Coming back to Los Angeles didn’t feel like home either but Kunath went into the studio with these deflated ideas and got to work with questions. “Is my life in the panting? Is me working on these paintings somewhat of a house that I inhibit?” he wondered. Indeed, his paintings are a backdrop for these thoughts with imaginative influence from Russian, German Romantic, and Hudson River school landscapes. In his existential search for pure consciousness, he explains this state of creative life in an exhibition of large witty pastoral paintings and a bright installation that reveals the bones of his storytelling process. 

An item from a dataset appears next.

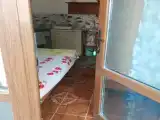 Двухместный номер с 1 кроватью (15) Уютный номер в тени платанов (своя кухня, санузел и душ)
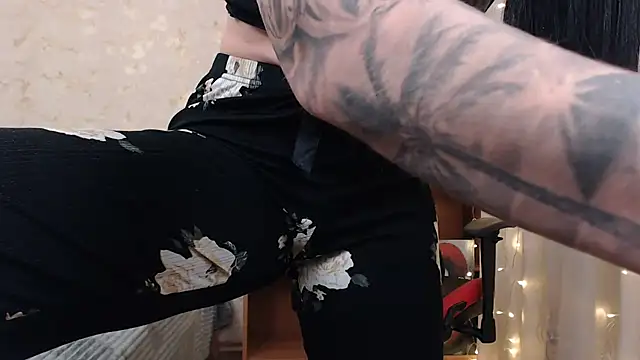 JuicyJess online show from 01.10.25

In the release for the show, Kunath includes the beautiful poem “Abendlied” by German artist Hanns Dieter Hüsch, which begins:

Butterfly is coming home
Little bear is coming home
Kangaroo is coming home
The lights aglow, the day is done. 

There is a fun and whimsical element to Kunath’s homecoming crisis. Found in the short phrases of text he writes in small details on top of a painting or the cartoon characters that inhabit other images, he’s able to find humor in the darkness, and even nostalgia in his negated notions of place. In Coming Home Was As Beautiful As Going Away, the view out of the window on a plane is a contemplative view we’ve all seen many times. A moment we’re just existing inside the puffy clouds in the sky, in transit, high above everything serious and real. Breaking through this familiarity, he’s written the title in cute, tiny letters drifting off the edge of the wing. The words are playful yet dangerous as they fly off into the distant sky. There’s an absurd comfort in appreciating this view. 

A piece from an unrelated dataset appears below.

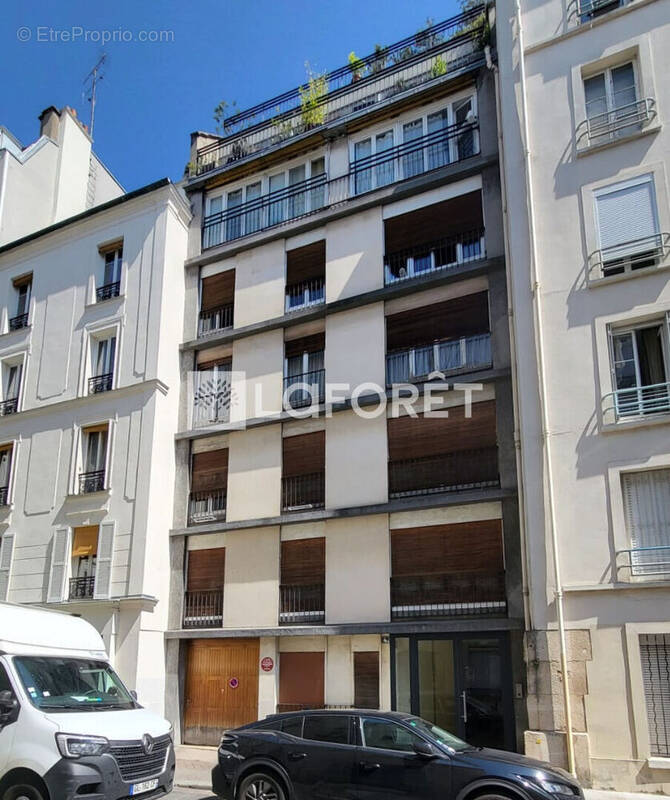 Appartement à PARIS-14E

This meditation persists throughout Kunath’s work. I Could Easily See Myself Spending A Whole Month This Way features a man floating faced down, with the title written on top of the pool of water. He appears both relaxed and drowning, with an eerie color scheme of pale off yellow green masquerading as blue water. Who doesn’t like the ease of floating freely, but it’s also just cold and dark enough to make you think of drowning this way. The idea brings his existential perspective into a simpler composition, yet romantic still in the feel of the water, the waves, and the texture on top of the paint that appears like ripples. It’s the soul of the show in many ways, using his well-honed techniques to create a mood that goes on forever. 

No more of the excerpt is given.